Date: October 23, 2017
Pakistan State Oil announces Q1 (FY2018) financial results, reports 33.7% growth
Pakistan State Oil (PSO), the leading energy company of Pakistan, convened its Board of Management (BoM) at PSO Headquarters in Karachi to review performance of the company for the quarter ended September 30, 2017.

The Company delivered excellent results in the quarter with top line increased to Rs 258.6 billion, clocking 33.7% growth vs same period last year (SPLY). Highest ever quarterly sales were recorded in MOGAS and Jet Fuel; up by 30.1% and 22.6% respectively over SPLY. Considerable sales growth was also witnessed in HSD, LPG, Lubricants and LNG businesses with growth of 31.4%, 71.0%, 36.0% and 49.9% respectively over SPLY. Furnace Oil (FO) sales however, were down by 9.4% in line with reduction in industry volumes partly due to low consumption by GENCOS and partly due to higher LNG utilization. PSO continue to maintain its strong market leadership position with an overall liquid fuels market share of 55.8% as on September 30, 2017.

Higher sales and cost effective borrowing resulted in 14.9% growth in PSO’s Profit after tax which has increased from Rs 4.4 billion to Rs 5.0 billion vs SPLY and as a result the earnings per share grew to Rs 18.5 vs Rs 16.1 SPLY.

The outstanding receivables as of September 30, 2017 stood at Rs 282.0 billion (June 30, 2017: Rs 277.1 billion) from the Power sector, PIA and SNGPL against supplies of FO, Aviation Fuels and LNG. PSO continues to engage with relevant stakeholders for early realization of outstanding dues. Despite pending receivables and increasing international oil prices, PSO is committed to deliver value to customers by managing its imports and refinery purchases effectively.

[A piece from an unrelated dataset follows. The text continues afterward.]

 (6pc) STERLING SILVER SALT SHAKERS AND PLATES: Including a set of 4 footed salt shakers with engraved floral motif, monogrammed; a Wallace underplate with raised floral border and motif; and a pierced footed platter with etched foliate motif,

Last month, PSO Team went beyond the call of duty to respond to the energy needs of the country by handling significantly higher volumes with its logistic partners to ensure there is no shortage of fuel in the country. It was when other oil marketing companies reduced importing fuels due to an increase in international oil prices that made the trade commercially unviable. PSO however remained firm in its resolve to exceed the expectations of its customers and fuel Pakistan’s journey of growth and prosperity despite incurring inventory losses.

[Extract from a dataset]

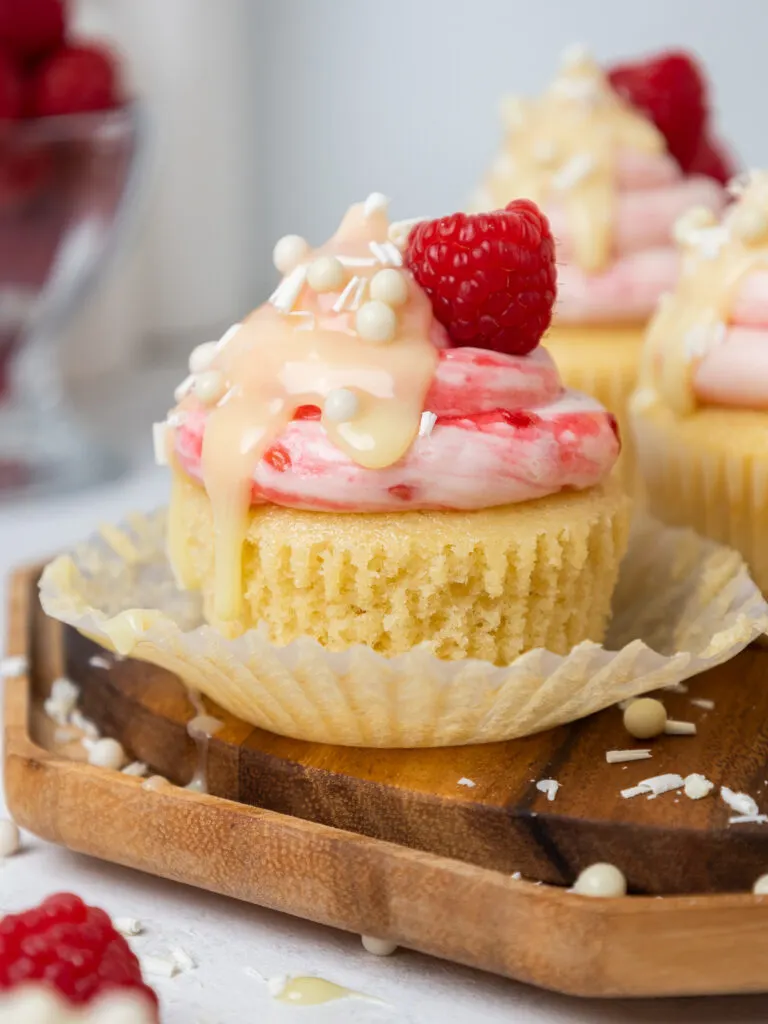 image of a white chocolate raspberry cupcake that's been unwrapped from its liner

PSO has welcomed the initiative of Ministry of Energy to deregulate HSD as it will create a competitive environment for 15 OMCs and 6 additional ones pending with OGRA.

Recently, PSO has been ranked at top position in the Institute of Chartered Accountants of Pakistan's (ICAP) List of top 100 corporations of the country. The ICAP Top 100 Companies of Pakistan list gives recognition to high performing companies where ranking is devised based on data received from the Pakistan Stock Exchange and financial reporting of the corporations. PSO's achievement was based on meeting ICAP's criteria set under the category of 'Revenue wise Top Performing Companies.

The management expressed sincere gratitude to all stakeholders including Government of Pakistan, especially Ministry of Energy and shareholders of the Company for their continued support. The Management also thanked PSO Team for their resolute and commitment as the company gears up to meet the upcoming challenges.